Activity » Please return every record exactly as written, leaving out the pictures.

═════ Data under study

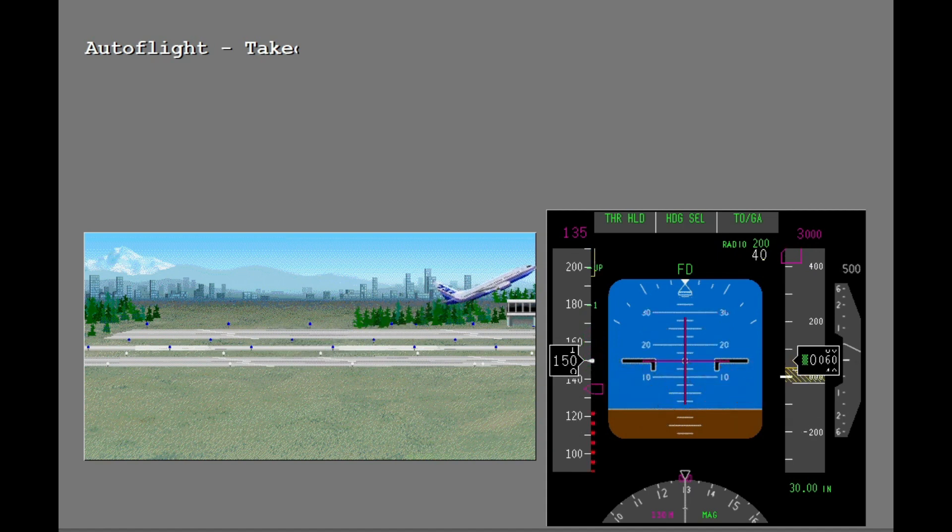The Autoflight system can assist you at takeoff. It supplies flight director guidance and automatic thrust control. The autopilot can be engaged only after takeoff.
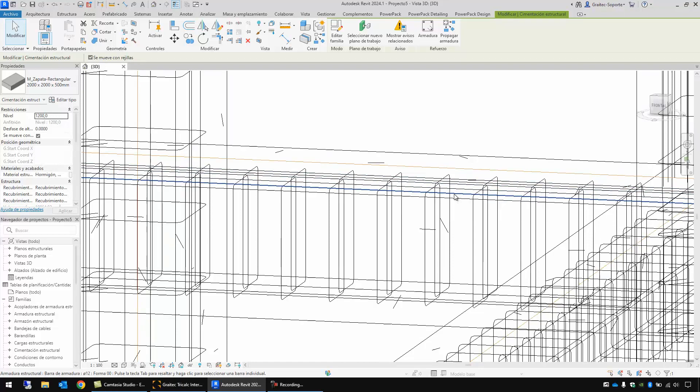So TriCalc is a very good way to create a 3D model for a concrete structure, choosing the cross sections and the dimensions for footings, beams, columns, and choosing manually also the reinforcement for each element.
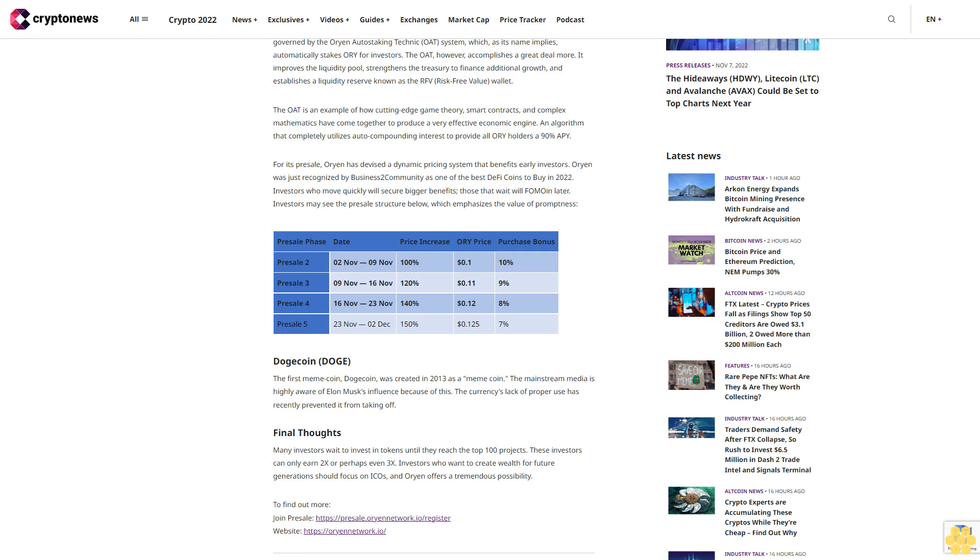Orion was just recognized by Business 2 Community as one of the best DeFi coins to buy in 2022. Investors who move quickly will secure bigger benefits. Those that wait will rue it. Later investors may see the pre-sale structure below, which emphasizes the value of promptness.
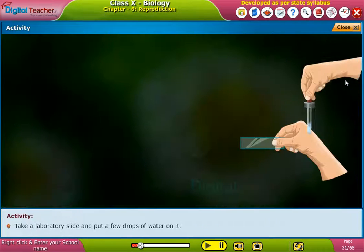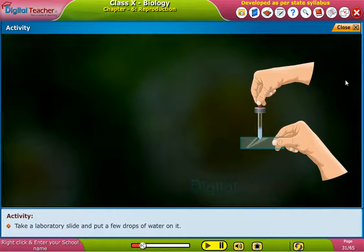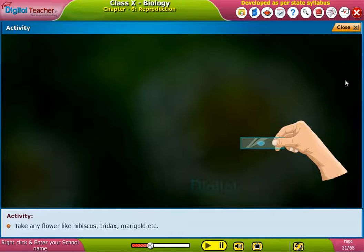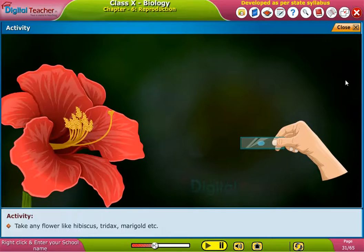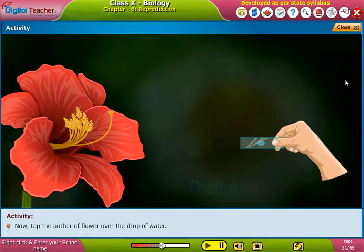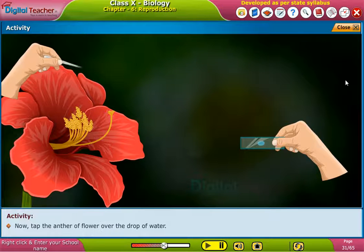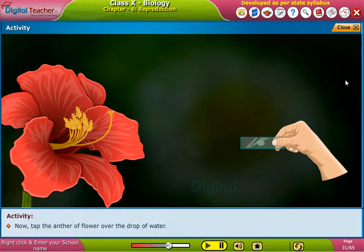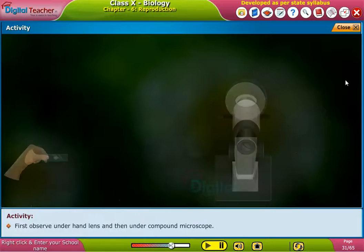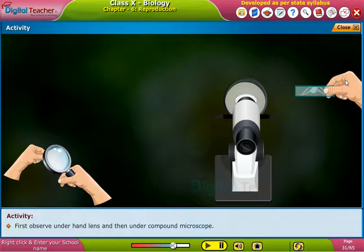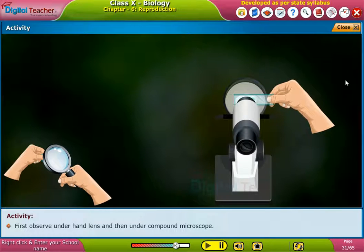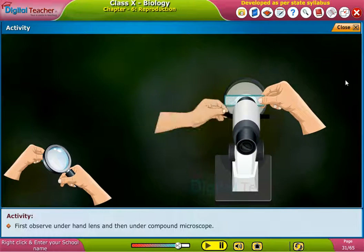Take a laboratory slide and put a few drops of water on it. Take any flower like hibiscus, tridax, marigold, etc. Now tap the anther of the flower over the drop of water. First observe under a hand lens and then under a compound microscope.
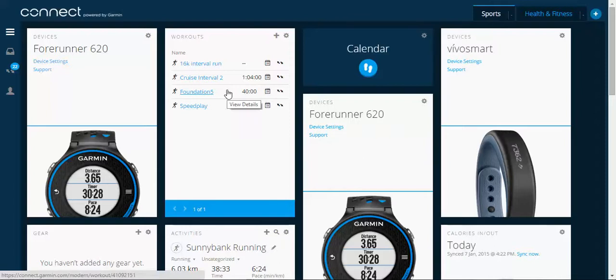Righty 18. Today I'm going to show you how to create a workout on your Garmin running watch.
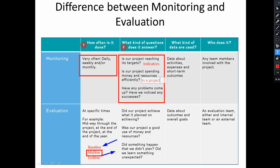The third monitoring question is: have any problems come up? We will note any problem encountered. The fourth question is: have we noted any successes? For example, if we have successfully implemented a part of the project, we will note it. These are all the general questions of monitoring.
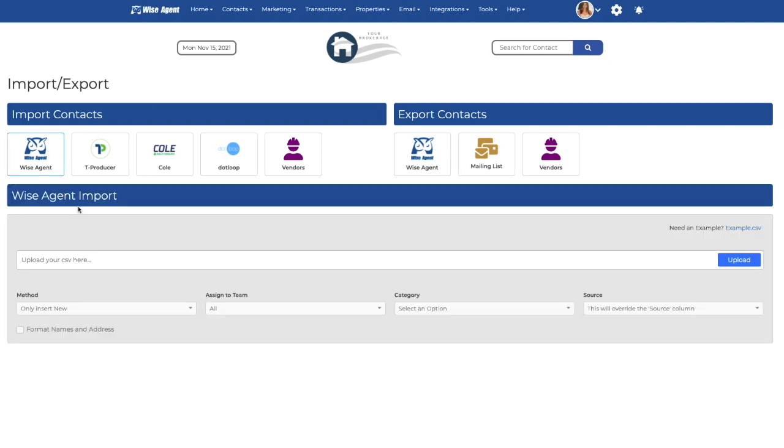Once here, you can see an example of how the file should be formatted for import into the system. Remember, we only accept CSV files.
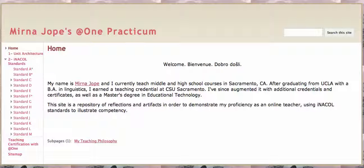Welcome, Bienvenue et Dobre Docele. I'm Myrna Jo, and very pleased to have you join me for a tour of my practicum site. I've assembled these pieces as a representation of my competency as an online teacher. I'm currently teaching at a Title I high school, which covers grades 6 through 12.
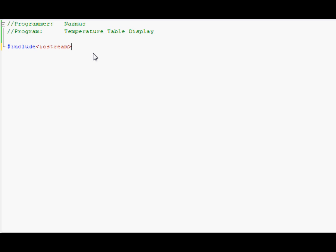IO stream. And today we're going to be using something else. It's not math.h like we did for the Pythagorean theorem. Instead we're going to include IO manip. This allows you to manipulate some of the things you see. It also allows us to use the code setw, which is the set width of the program. It allows you to align things and I'll show that to you when I'm coding it.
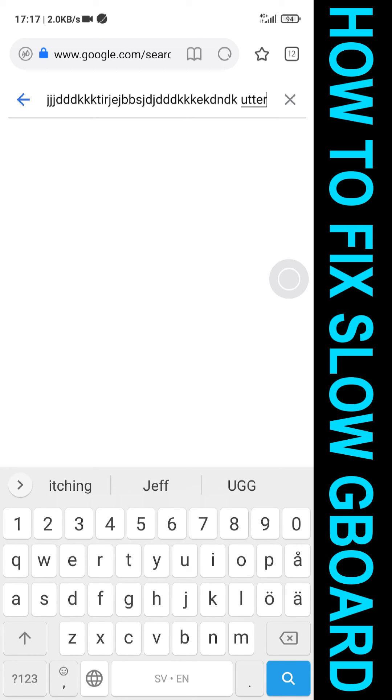This is your host Gmodessm, and I'll be back next week with more tech tips. See you, take care, bye.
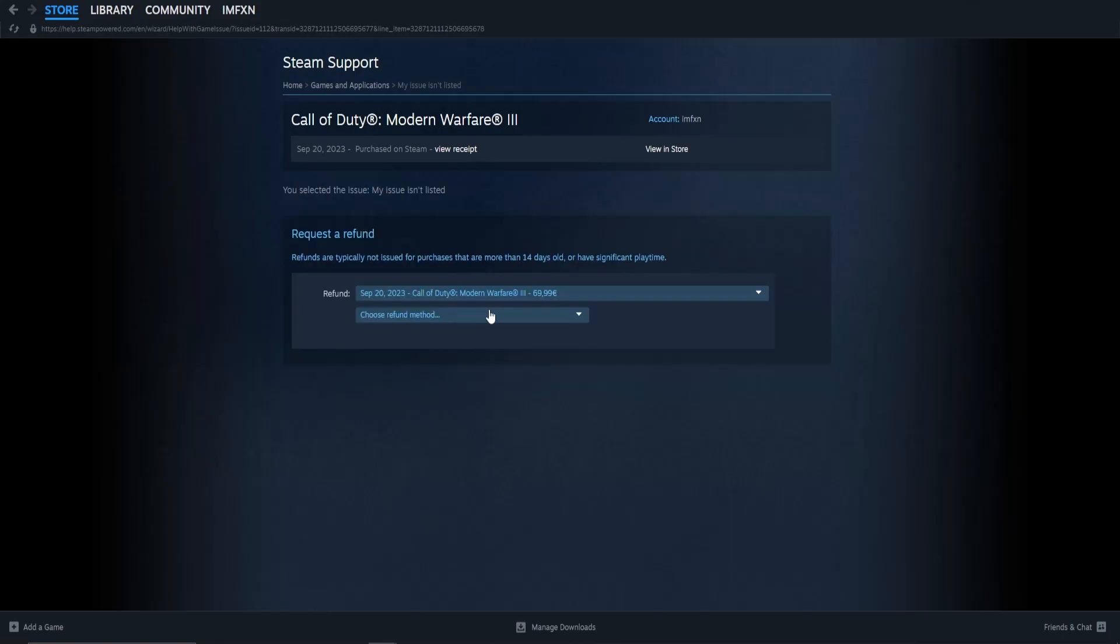Now choose if you would like your refunded money to be transferred to your bank account or to your Steam wallet.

══════════

Answer to the exercise »
The Autoflight system can assist you at takeoff. It supplies flight director guidance and automatic thrust control. The autopilot can be engaged only after takeoff.
So TriCalc is a very good way to create a 3D model for a concrete structure, choosing the cross sections and the dimensions for footings, beams, columns, and choosing manually also the reinforcement for each element.
Orion was just recognized by Business 2 Community as one of the best DeFi coins to buy in 2022. Investors who move quickly will secure bigger benefits. Those that wait will rue it. Later investors may see the pre-sale structure below, which emphasizes the value of promptness.
Take a laboratory slide and put a few drops of water on it. Take any flower like hibiscus, tridax, marigold, etc. Now tap the anther of the flower over the drop of water. First observe under a hand lens and then under a compound microscope.
Righty 18. Today I'm going to show you how to create a workout on your Garmin running watch.
The third monitoring question is: have any problems come up? We will note any problem encountered. The fourth question is: have we noted any successes? For example, if we have successfully implemented a part of the project, we will note it. These are all the general questions of monitoring.
Once here, you can see an example of how the file should be formatted for import into the system. Remember, we only accept CSV files.
Welcome, Bienvenue et Dobre Docele. I'm Myrna Jo, and very pleased to have you join me for a tour of my practicum site. I've assembled these pieces as a representation of my competency as an online teacher. I'm currently teaching at a Title I high school, which covers grades 6 through 12.
IO stream. And today we're going to be using something else. It's not math.h like we did for the Pythagorean theorem. Instead we're going to include IO manip. This allows you to manipulate some of the things you see. It also allows us to use the code setw, which is the set width of the program. It allows you to align things and I'll show that to you when I'm coding it.
This is your host Gmodessm, and I'll be back next week with more tech tips. See you, take care, bye.
Now choose if you would like your refunded money to be transferred to your bank account or to your Steam wallet.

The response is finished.